I invoke a function apply like this:

apply< Message >([](Message::Binding& x)
{
    // setup binding fields
});

for I wrote

template <class TMessage, class TBindingExpression>
void apply(const TBindingExpression& expr)
{
    typedef typename TMessage::Binding BindingType;

    BindingType binding;
    expr(binding);

    apply(MessageUtil::typeId< TMessage >(), binding);
}

Since Message is a bit redundant in the way I invoke apply, I would like to make the compiler deduce Message so I can write

apply([](Message::Binding x)
{
    //...
});

So far, I am stuck here:

template <class TBindingExpression>
void apply(const TBindingExpression& expr)
{
    // I get the type of the argument which is Message::Binding in this example
    typedef typename std::tuple_element
    <
        0,
        FunctionTraits< TBindingExpression >::ArgumentTypes
    >
    ::type BindingType;

    // so I can invoke my expression
    BindingType binding;
    expr(binding);

    // But now I need the type of the outer class, i.e.
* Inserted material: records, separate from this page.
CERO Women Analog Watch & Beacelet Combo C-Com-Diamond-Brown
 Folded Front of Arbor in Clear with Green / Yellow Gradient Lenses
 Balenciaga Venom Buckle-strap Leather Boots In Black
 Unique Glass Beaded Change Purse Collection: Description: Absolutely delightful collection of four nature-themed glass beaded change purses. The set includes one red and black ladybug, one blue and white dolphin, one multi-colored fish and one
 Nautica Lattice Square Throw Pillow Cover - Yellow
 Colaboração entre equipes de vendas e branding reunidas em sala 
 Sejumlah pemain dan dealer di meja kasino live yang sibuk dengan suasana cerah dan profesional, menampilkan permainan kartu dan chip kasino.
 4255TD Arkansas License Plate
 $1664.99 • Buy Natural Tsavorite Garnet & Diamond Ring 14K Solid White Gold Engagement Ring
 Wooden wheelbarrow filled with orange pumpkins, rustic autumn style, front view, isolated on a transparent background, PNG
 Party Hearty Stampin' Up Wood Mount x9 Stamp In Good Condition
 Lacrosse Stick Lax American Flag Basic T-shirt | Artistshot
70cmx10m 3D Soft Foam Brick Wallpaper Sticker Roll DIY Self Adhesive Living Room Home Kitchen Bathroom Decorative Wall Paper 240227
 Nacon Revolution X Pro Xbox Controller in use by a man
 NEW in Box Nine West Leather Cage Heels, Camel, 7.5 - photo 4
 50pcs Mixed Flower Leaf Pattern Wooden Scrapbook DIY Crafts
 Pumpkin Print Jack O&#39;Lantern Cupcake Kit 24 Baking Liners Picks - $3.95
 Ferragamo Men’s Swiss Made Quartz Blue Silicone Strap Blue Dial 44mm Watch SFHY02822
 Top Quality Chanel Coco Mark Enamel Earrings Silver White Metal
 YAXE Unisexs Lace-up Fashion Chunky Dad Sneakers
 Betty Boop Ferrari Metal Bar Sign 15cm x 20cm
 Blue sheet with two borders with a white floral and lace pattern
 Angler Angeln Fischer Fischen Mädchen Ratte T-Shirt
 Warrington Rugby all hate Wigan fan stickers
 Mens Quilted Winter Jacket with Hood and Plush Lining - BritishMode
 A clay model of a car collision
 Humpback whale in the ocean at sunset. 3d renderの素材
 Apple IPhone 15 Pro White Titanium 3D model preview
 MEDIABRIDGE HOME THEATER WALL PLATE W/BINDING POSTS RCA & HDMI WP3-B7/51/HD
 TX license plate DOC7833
Message
    typedef typename MessageTypeFromBinding< BindingType >::Type MessageType;

    apply(MessageUtil::typeId< MessageType >(), binding);
}

Is there a way to write/achieve MessageTypeFromBinding?

Obviously, that's pure curiosity and cosmetic concerns.

Answer 1

template<class T>struct inner_class_of{using outer_class=T;}; 

struct Message {
  struct Binding:inner_class_of<Message> {
  };
};

template<class T>
inner_class_of<T> get_outer_helper(inner_class_of<T>const&);

template<class T>
using outer_class_of_t = typename decltype(get_outer_helper(std::declval<T>()))::outer_class;

now outer_class_of_t<Message::Binding> is Message.

I made it a bit industrial strength, as it works even if Binding hides outer_class.

You can drop helper and rewrite outer_class_of_t=typename T::outer_class if you prefer.